Datquest Predicts: Semiconductor firms must adapt or die

The semiconductor industry may be coming out of the doldrums but the bad times are not over yet and for some players it's a case of adapt or die, experts agree.

Speaking at Dataquest's Predicts '99 conference in Paris this week, leading chip analyst Joe D'Elia predicted a growth in the worldwide semiconductor industry of 12.6 percent in 1999. This growth will reach a peak in 2002, but another down cycle could begin as early as 2003.

According to D'Elia the troubled DRAM market -- which shrank by 26 percent in 1998 -- will begin an upturn after a "volatile first half" this year and the market will remain positive for the next two to three years.

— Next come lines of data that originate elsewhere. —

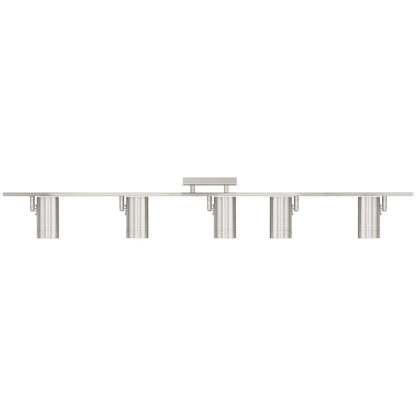 Access Prado 5Lt Adjustable LED Track, Steel/Steel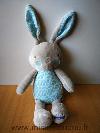 Lapin-Klorane-Gris-bleu-ronds-blancs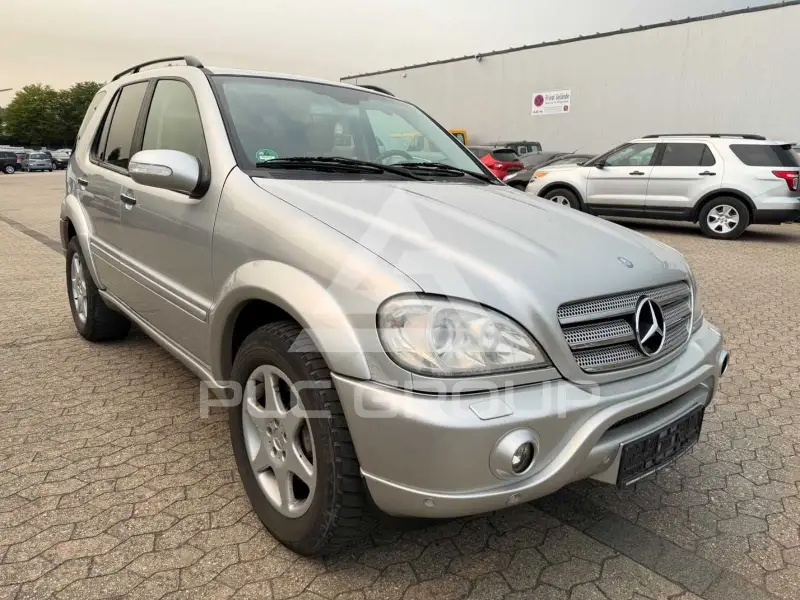 2003 Mercedes Benz ML 55 AMG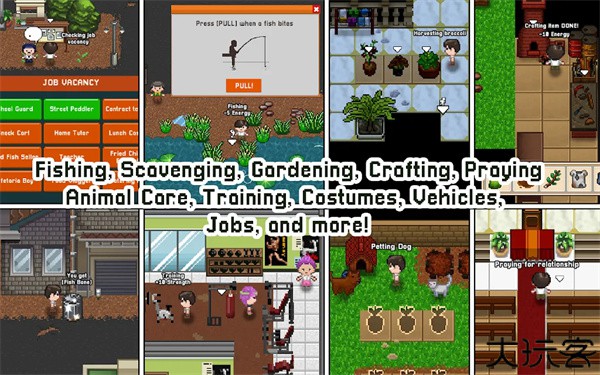爱情和生活模拟rpg手机版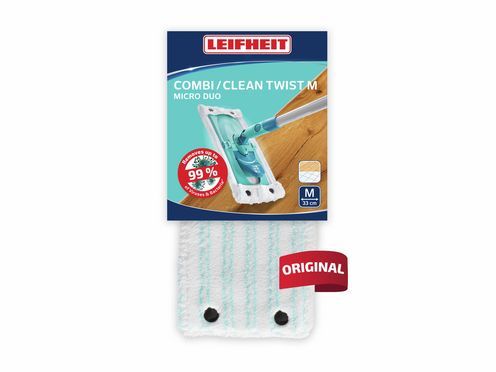Wischbezug CLEAN TWIST M / Combi M micro duo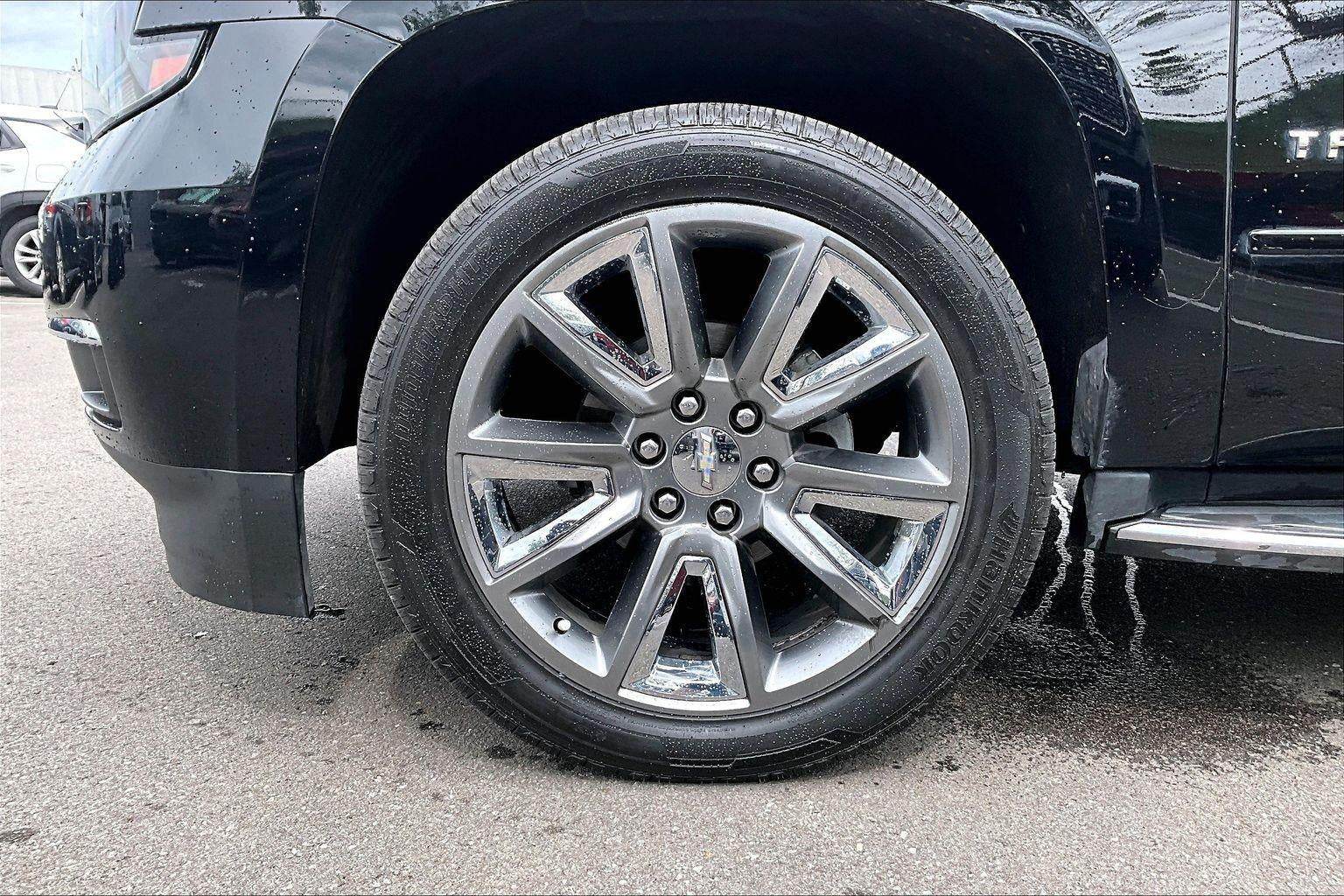 2016 Chevrolet Tahoe LTZ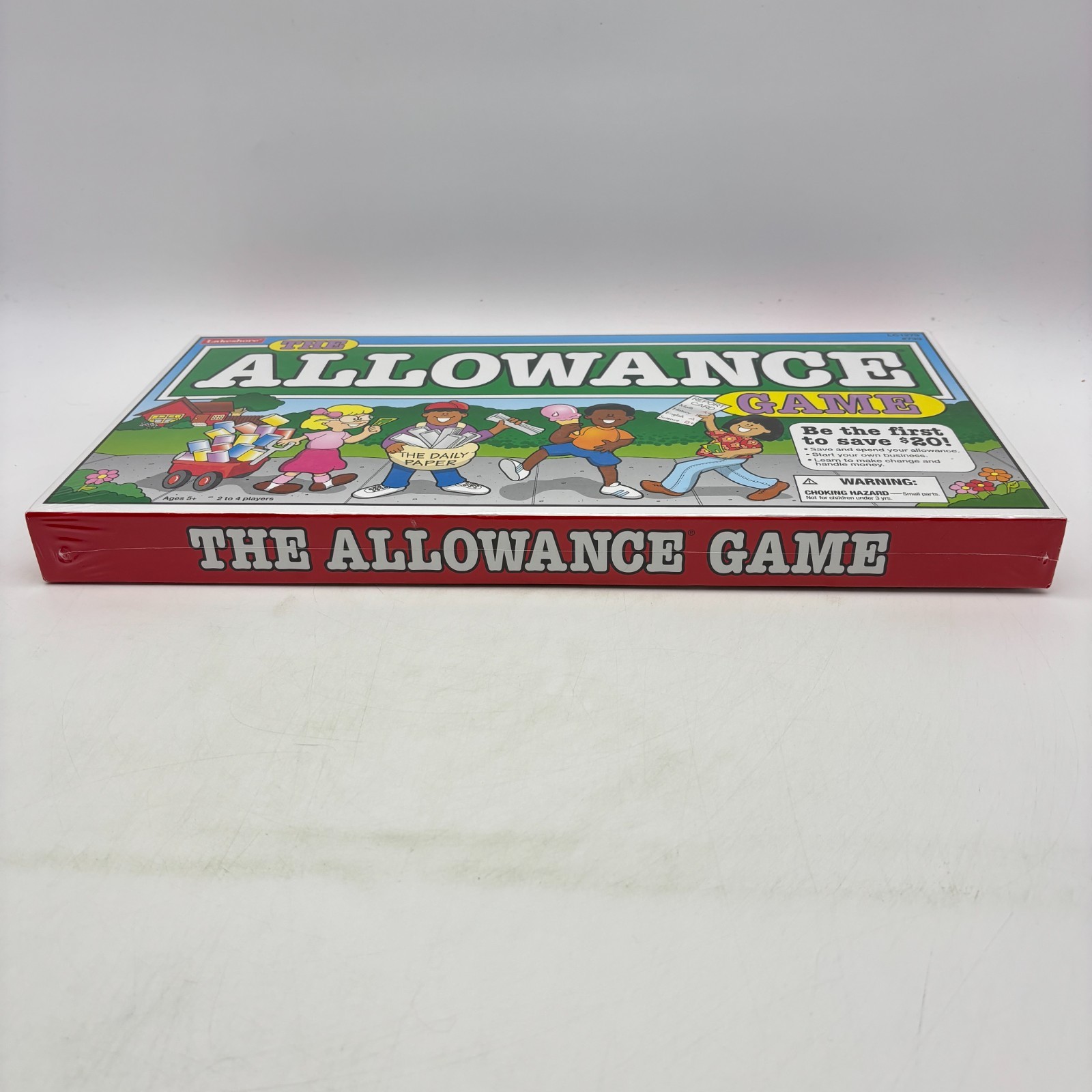 The Allowance Game Board Game SEALED Lakeshore Kids Educational Finance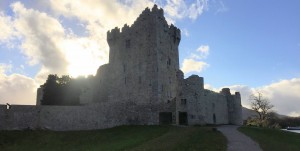 Ross Castle Sun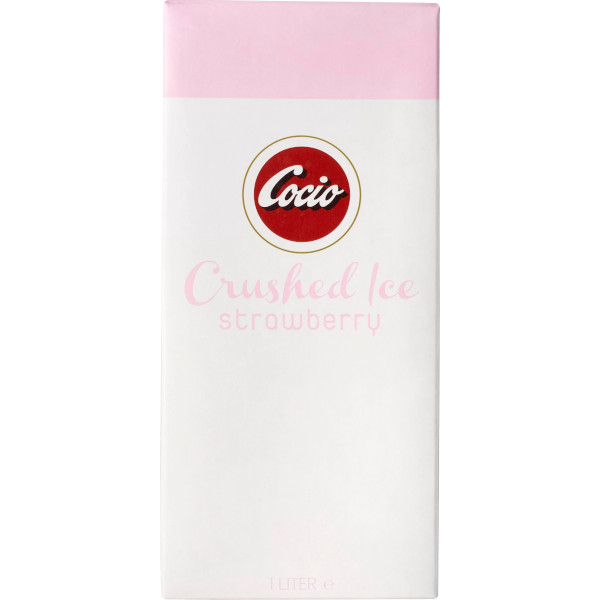 Cocio Crushed Ice Strawberry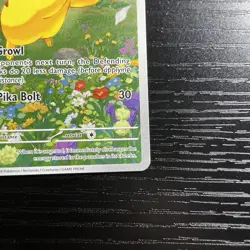 Pikachu 088 Sv: Scarlet & Violet Promo Cards Illustrator Rare Holo (b) - Image 4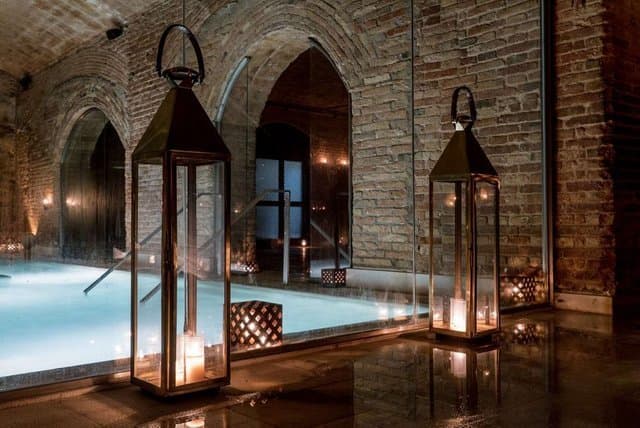 Lugar AIRE Ancient Baths Barcelona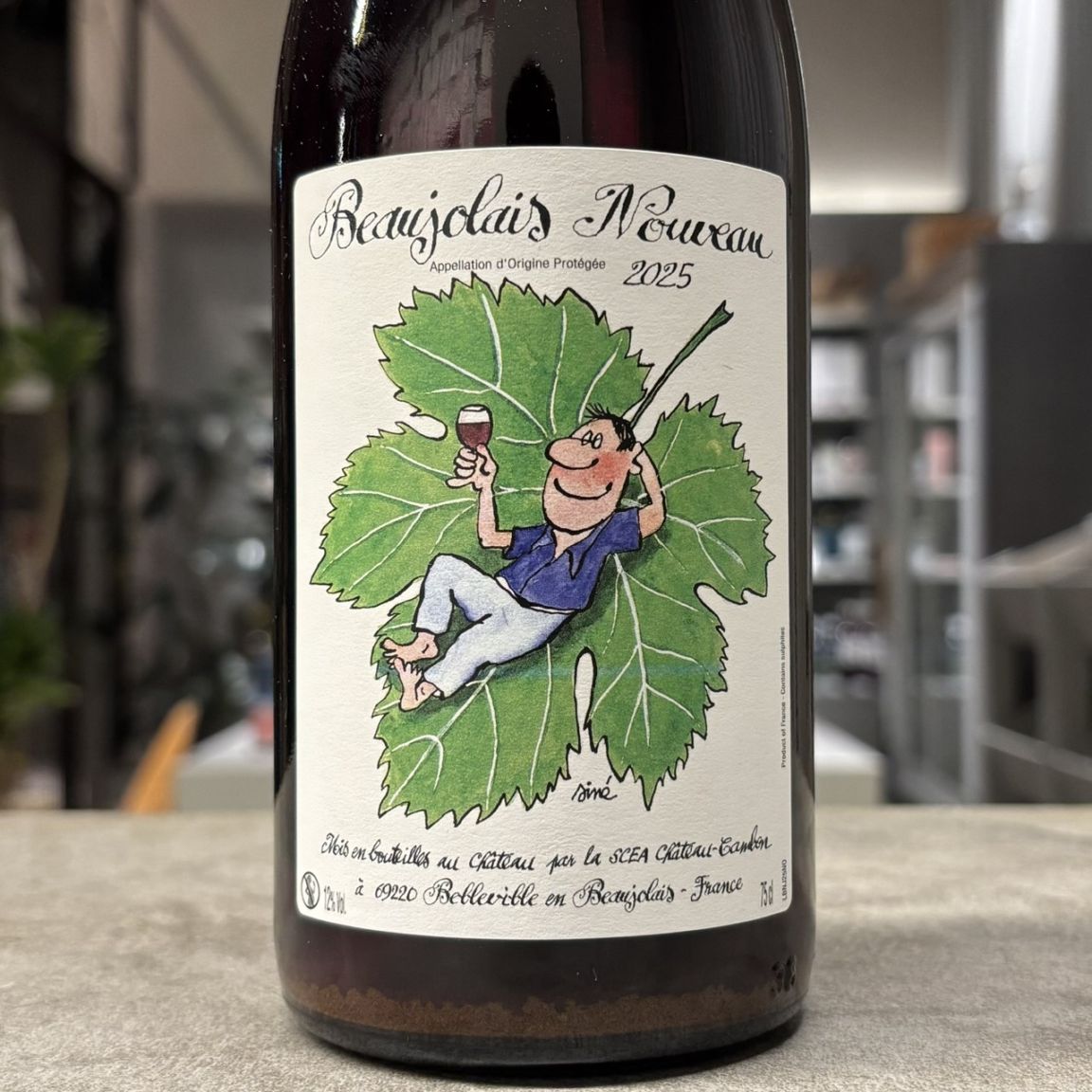 ビンテージのボンゾ チャドバレー製 11月20日解禁】シャトー・カンボン(ラピエール) ボジョレー ヌーボー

However D'Elia predicts a sea change in the way semiconductor businesses are run. "In the next three to four years it will be difficult for those companies in the bottom half of the top ten to build fabs by themselves," he said. The alternative will be to outsource to foundries or to search for partners, according to D'Elia.

Stuart McIntosh, CEO of Philips semiconductor business agrees that chip firms will have to be consolidated. "In the coming decade there will be less than a handful of giants," he predicts. "In the lower tiers some players will disappear," he adds.

Although experts are predicting European semiconductors will do well out of the emerging wireless communications market, vice president of new technologies at mobile phone giant Nokia sounded a note of caution. "We find we spend a lot of time asking Europeans to do it our way, while in the US they just say 'what do you want'."